## [Work required]
Output the first line of the listing and each line after it, up to and including the line that contains "empty room with", exactly as written, minus the pictures.

## [Recorded information]
#####

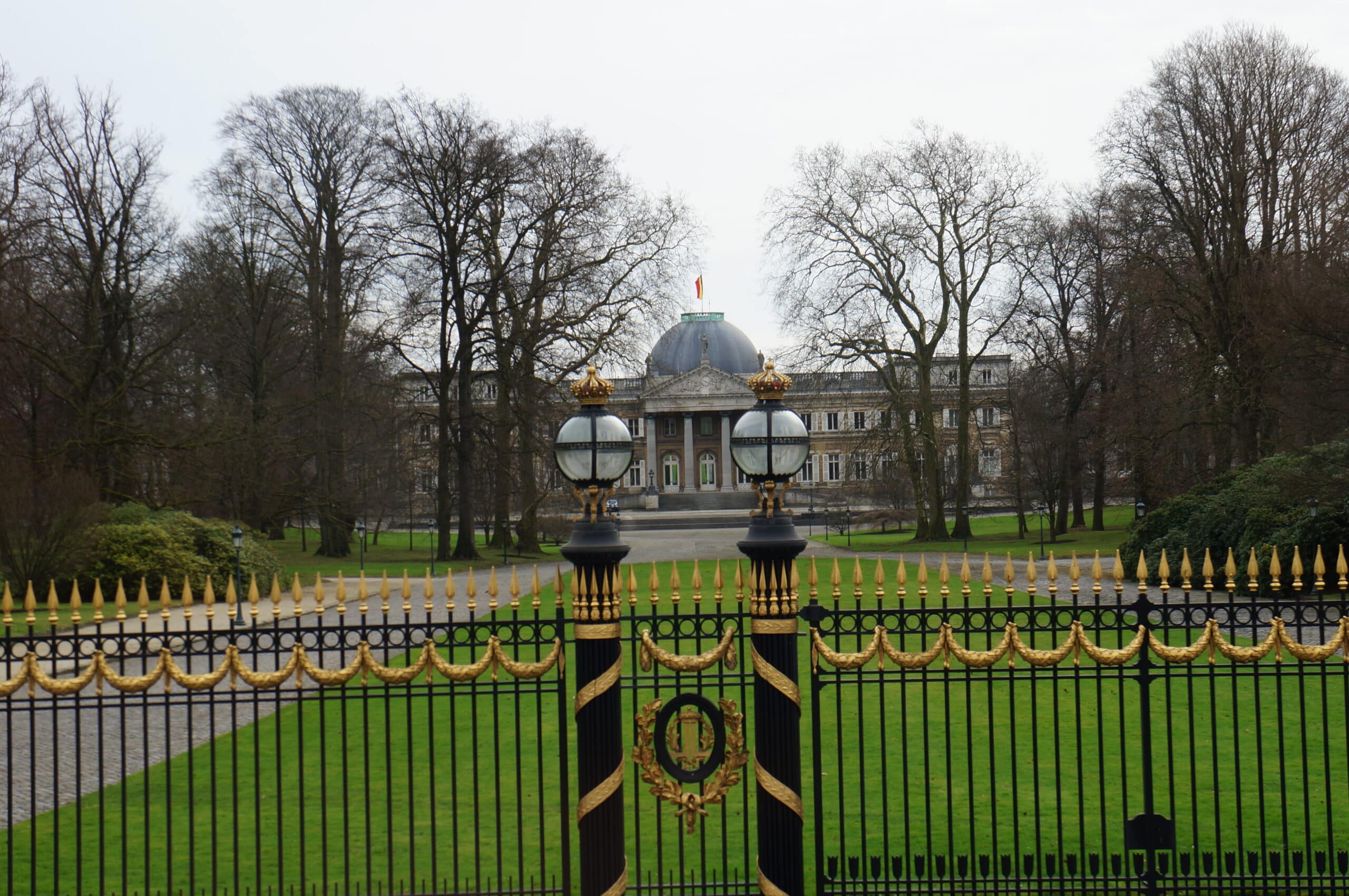 Slott med trädgård bakom vit-guldigt stängsel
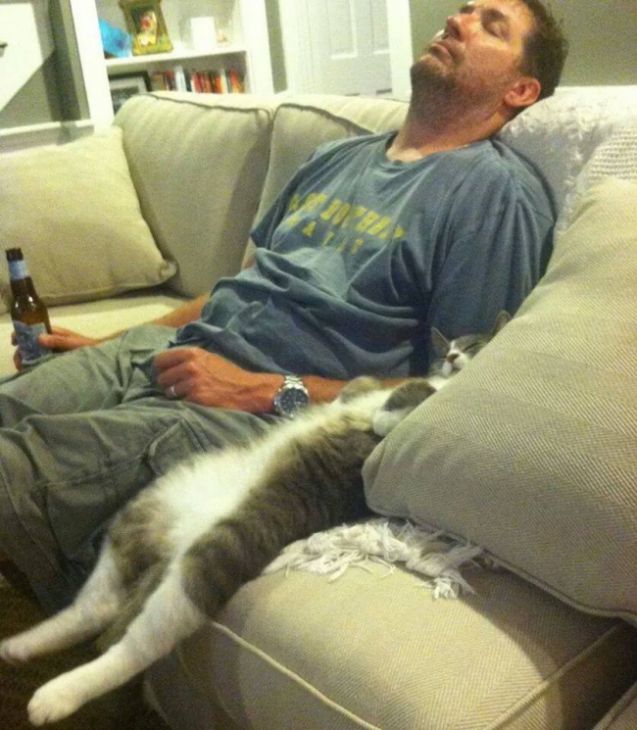 Man and cat are sleeping on the couch
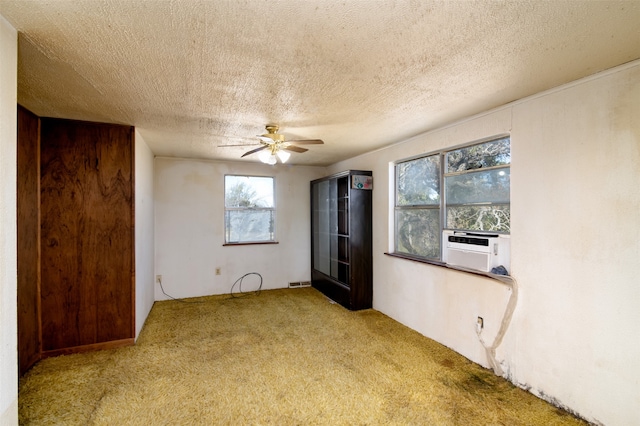 empty room with ceiling fan, light colored carpet, and a textured ceiling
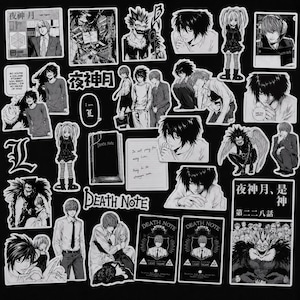 May include: A collection of black and white vinyl stickers featuring characters and scenes from the Death Note anime series, including illustrations of Light Yagami, L, Ryuk, and Misa Amane, along with text elements like Death Note and Japanese kanji.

#####

## [Completed exercise]
 Slott med trädgård bakom vit-guldigt stängsel
 Man and cat are sleeping on the couch
 empty room with ceiling fan, light colored carpet, and a textured ceiling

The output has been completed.